После уроков студийцы остались на репетицию. А Роман и сам не смог бы объяснить, почему и он вернулся с полпути домой и пришел на репетицию. Словно непостижимая сила взяла за воротник и заставила войти в актовый зал. Наивно как-то получилось. Знал, зачем его вызывает Марианна, и проще было бы отказаться через Костю… Но… дома было неуютно, одиноко и грустно.

Влекла сама атмосфера школьного театра. Неудержимо тянуло посидеть в одиночестве в полутемном зале, наблюдая за игрой на освещенной сцене. Сидеть и молчать. И всем своим химико-физико-биологическим существом воспринимать простенькие картинки, из огромного множества которых и состоит жизнь человеческая. И думать, думать, думать о своих тревогах.

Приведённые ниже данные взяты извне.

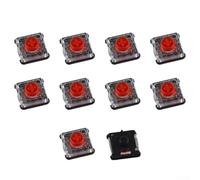 10 Pack For Kailh Thin 1353 Linear Tactile For Mechanical Keyboard Switches Featuring Low Profile Design and Silent Operation for Typing (Red)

Все уже собрались, когда он пришел. Стояли вокруг Марианны, сосредоточенно слушали ее. Марианна отчитывала за то, что на вечере сразу же после концерта и КВН, когда она ушла, студийцы тут же переоделись — сняли с себя форму (у них были свои особые костюмы с эмблемой на груди в виде маски из древнегреческой трагедии) и облачились в свои лучшие парадные одежды.

— Так на вечер же пришли! — неуверенно пробовал оправдаться Игорь Чугунов. — Ведь не просто играли.

— Все равно не понимаю, — говорила Марианна, сокрушенно качая головой. — Не захотелось вам свою марку держать. Вот что обидно.

— Добрый вечер, — нерешительно сказал остановившийся чуть поодаль Роман.

Все обернулись к нему.

— Добрый вечер, Роман, — обрадовалась ему Марианна. — Вот и хорошо, что пришел. Сейчас начнем репетицию.

И все сразу поняли, что, хотя Марианна и ругала их, у нее великолепное настроение, что она корила их так, для порядка, для острастки, а не всерьез. И у всех сразу же отлегло. И тут только все заметили, что она сегодня чем-то необычайно, невообразимо, необыкновенно довольна.